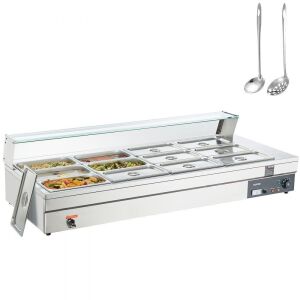 VEVOR 12-Pan 8QT Electric Steam Table with Tempered Glass Cover, 1800W - Small Chip in Glass Panel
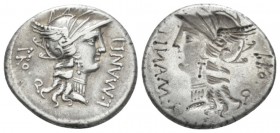 Brockage denarius mint moving with Sulla circa 82, AR 18mm., 3.82g. L·MANLI – PRO Q. Helmeted head of Roma r. Rev. Same type, incuse. Babelon Manlia 7...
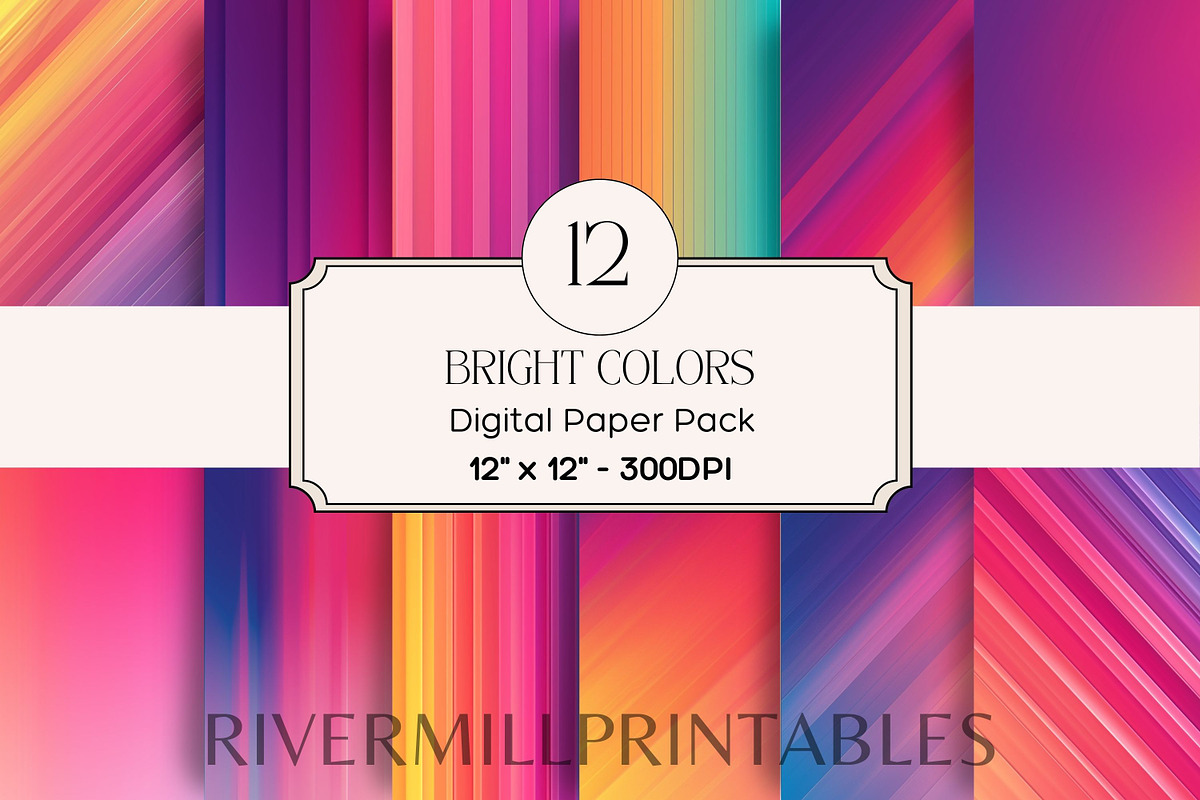 Colorful Gradient Digital Papers, a Decorative Illustration by Rivermill Printables (Photo 1 of 2)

++++++++++

■ INSTRUCTIONS FOR THE TASK ■
Pictures aside, transcribe exactly the lines from the line containing "Brockage denarius mint" through the final line of the material above.

■ RESULT OF THE EXERCISE ■
 Brockage denarius mint moving with Sulla circa 82, AR 18mm., 3.82g. L·MANLI – PRO Q. Helmeted head of Roma r. Rev. Same type, incuse. Babelon Manlia 7...
 Colorful Gradient Digital Papers, a Decorative Illustration by Rivermill Printables (Photo 1 of 2)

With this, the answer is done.